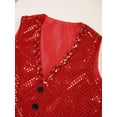 thumbnail image 6 of CHICTRY Kids Boys Girls Jazz Hip-Hop Dance Tops Performance Costume Sparkling Shiny Sequins Waistcoat Vest, 6 of 7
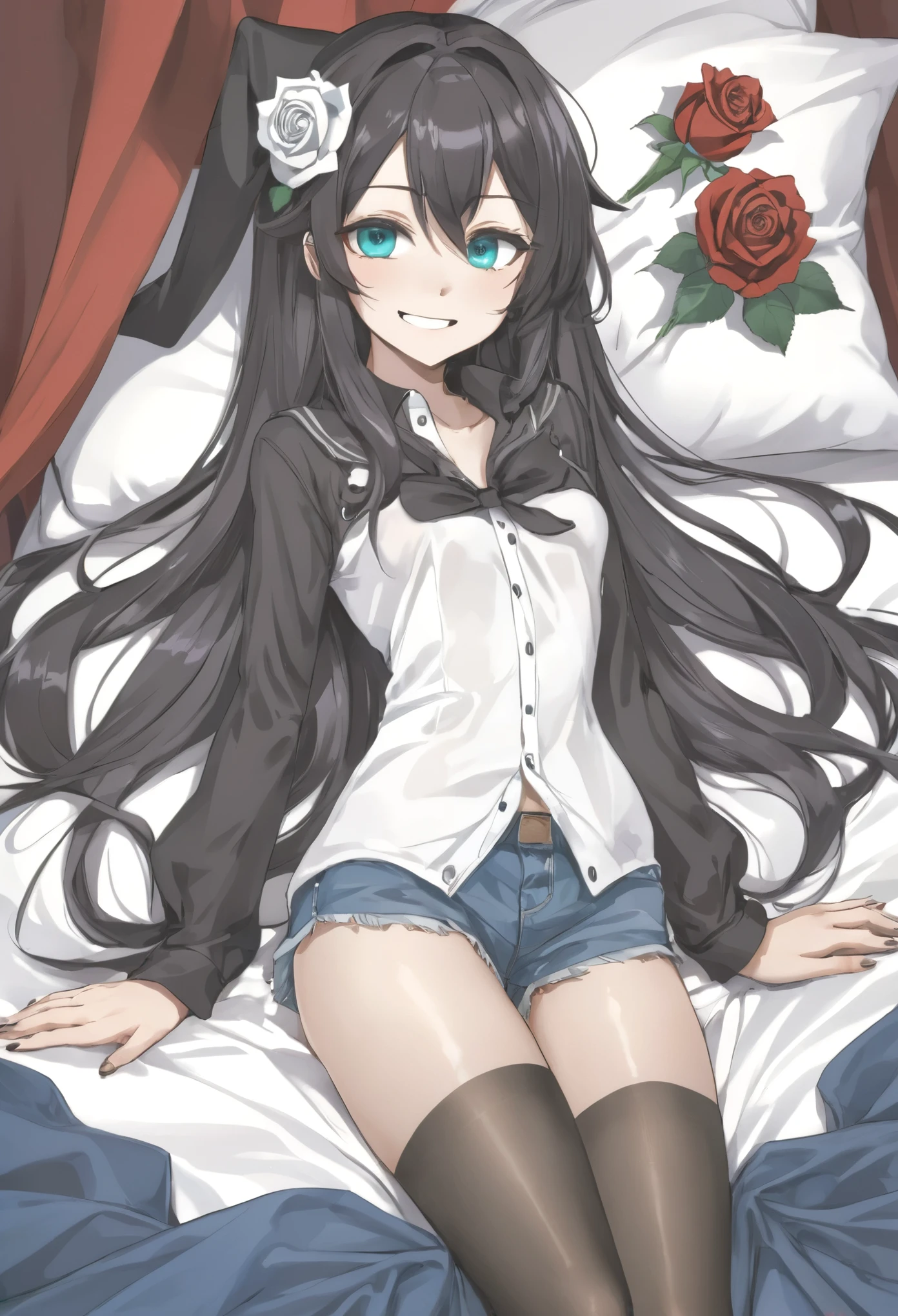1Anime Girl,long hair,Exterior Black, Inner Red, two tone hair,blue eyes,White Men&#39;s Long Sleeve Shirt,denim shorts,black pantyhose,high resolution,very sharp,8 thousand,extra fingers,Reduced number of fingers,(bad anatomy),NSFW,bed,Bewitching pose,Wow,emerald eyes,Left white rose headdress,Purple dress,milk skin,A friendly smile,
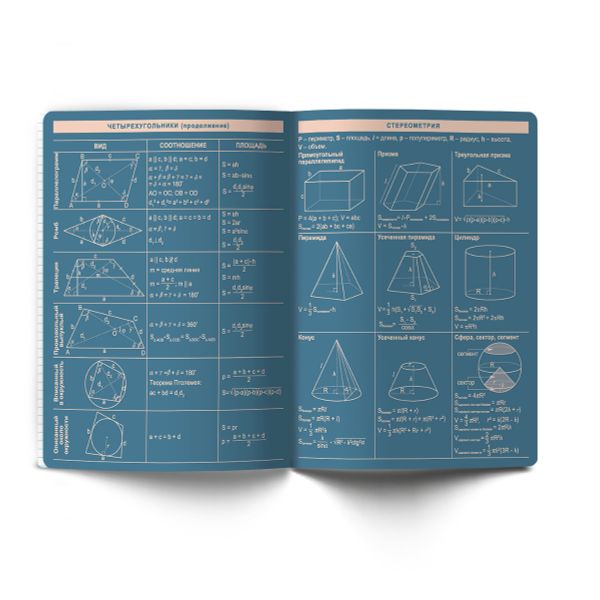 Тетрадь со справочным материалом Лёгким почерком, софт-тач ламинация, A5 48 л. на скобе 65 г/м², белизна 100% 10 шт, клетка, 01839 Лёгким почерком Геометрия, Светоч Т284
::::::::
• **TASK STATEMENT**
Here the job is to print the data above exactly, except for any pictures.

• **WRITTEN ANSWER**
 thumbnail image 6 of CHICTRY Kids Boys Girls Jazz Hip-Hop Dance Tops Performance Costume Sparkling Shiny Sequins Waistcoat Vest, 6 of 7
1Anime Girl,long hair,Exterior Black, Inner Red, two tone hair,blue eyes,White Men&#39;s Long Sleeve Shirt,denim shorts,black pantyhose,high resolution,very sharp,8 thousand,extra fingers,Reduced number of fingers,(bad anatomy),NSFW,bed,Bewitching pose,Wow,emerald eyes,Left white rose headdress,Purple dress,milk skin,A friendly smile,
 Тетрадь со справочным материалом Лёгким почерком, софт-тач ламинация, A5 48 л. на скобе 65 г/м², белизна 100% 10 шт, клетка, 01839 Лёгким почерком Геометрия, Светоч Т284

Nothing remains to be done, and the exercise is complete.